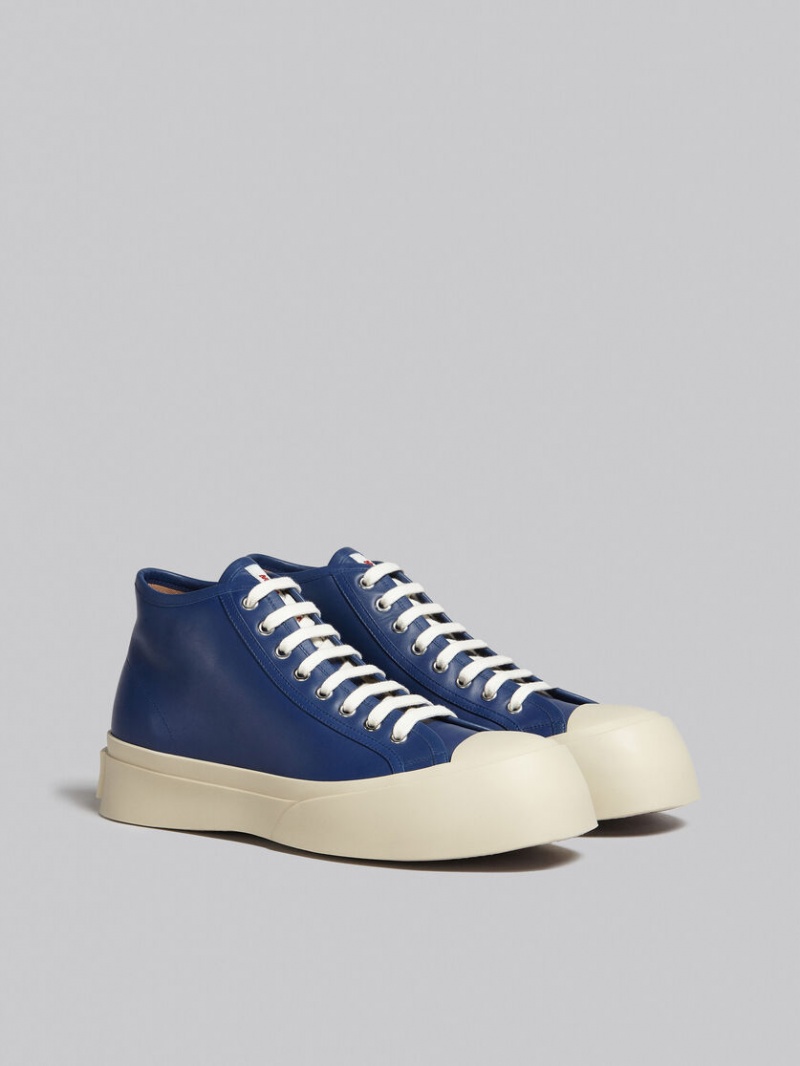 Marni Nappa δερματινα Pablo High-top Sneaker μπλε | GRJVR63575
--------------------------------
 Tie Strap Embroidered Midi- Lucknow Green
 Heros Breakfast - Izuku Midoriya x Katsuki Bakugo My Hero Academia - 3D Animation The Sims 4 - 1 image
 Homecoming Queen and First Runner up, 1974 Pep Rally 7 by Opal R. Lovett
--------------------------------
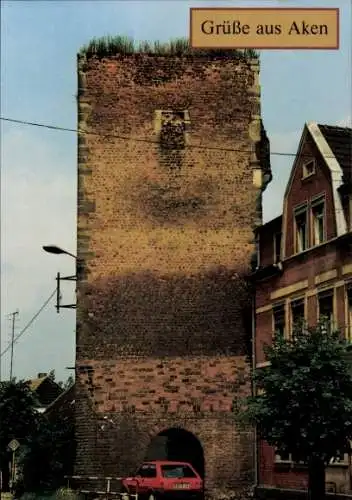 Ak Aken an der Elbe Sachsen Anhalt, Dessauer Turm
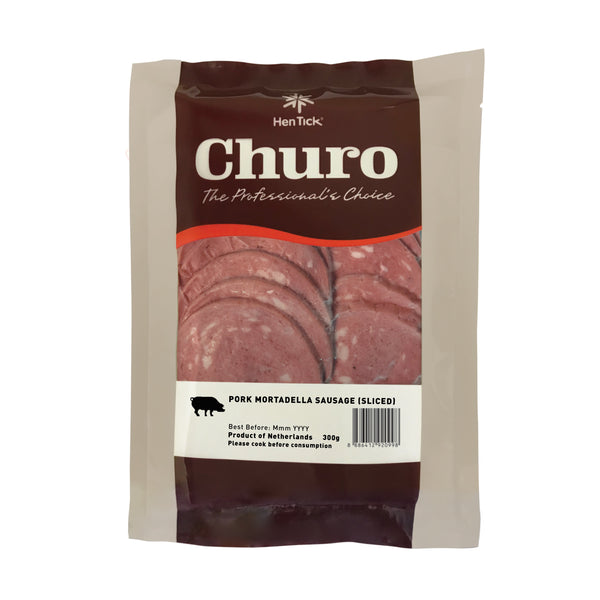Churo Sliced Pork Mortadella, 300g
--------------------------------
> _About this exercise_
Once the line with "Tie Strap Embroidered Midi- Lucknow Green" is found in the records above, print exactly that line and every line after it through the line with "Homecoming Queen and".

> _Answer to this task_
 Tie Strap Embroidered Midi- Lucknow Green
 Heros Breakfast - Izuku Midoriya x Katsuki Bakugo My Hero Academia - 3D Animation The Sims 4 - 1 image
 Homecoming Queen and First Runner up, 1974 Pep Rally 7 by Opal R. Lovett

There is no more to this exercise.